An Israeli airstrike on the entrance of a school-turned-shelter in southern Gaza has killed at least 31 people as a stepped-up military offensive in the territory sent thousands fleeing in search of refuge.
The airstrike on Tuesday afternoon hit the tents of displaced families outside a school in the town of Abassan, east of Khan Younis. Officials at the nearby Nasser hospital said on Wednesday that 31 people had been killed, including eight children, and more than 50 wounded.
Footage broadcast by Al Jazeera showed children playing football in the school’s yard when a sudden boom shook the area, prompting shouts of “a strike, a strike!”

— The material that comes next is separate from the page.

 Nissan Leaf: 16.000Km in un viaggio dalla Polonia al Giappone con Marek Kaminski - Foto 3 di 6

The Israeli military said it was reviewing reports that civilians were harmed. It said the incident occurred when it struck with “precise munition” a Hamas fighter who took part in the 7 October raid on Israel that precipitated the Israeli assault on Gaza.
The area hit was crowded at the time of the attack, according to witnesses who spoke to the BBC, one of whom reported that as many as 3,000 people were there at the time of the strike.

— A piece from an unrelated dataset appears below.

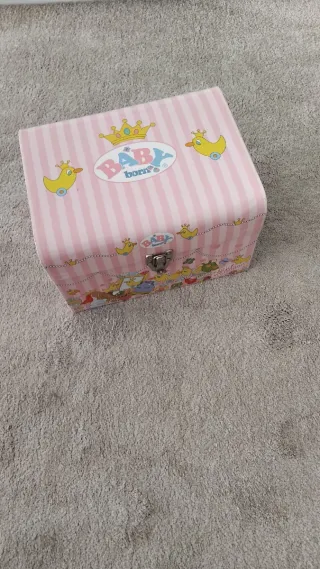 Baúl Baby Born Juguete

Further Israeli strikes in the early hours of Wednesday morning killed at least 20 Palestinians. Associated Press reported that 12 people had been killed in the Nuseirat refugee camp and eight at a home in Deir al-Balah, an area that is located within the “humanitarian safe zone” where Israel has told Palestinians to seek refuge as it conducts offensives in multiple parts of the Gaza Strip.
Last week, the the Israel Defence Forces (IDF) ordered a mass evacuation of parts of southern Gaza. Much of Khan Younis was destroyed in a long assault this year, but large numbers of Palestinians had moved back to escape another Israeli offensive in Gaza’s southernmost city, Rafah.
The militant group Hamas said the renewed Israeli campaign had killed more than 60 Palestinians across the territory on Tuesday alone.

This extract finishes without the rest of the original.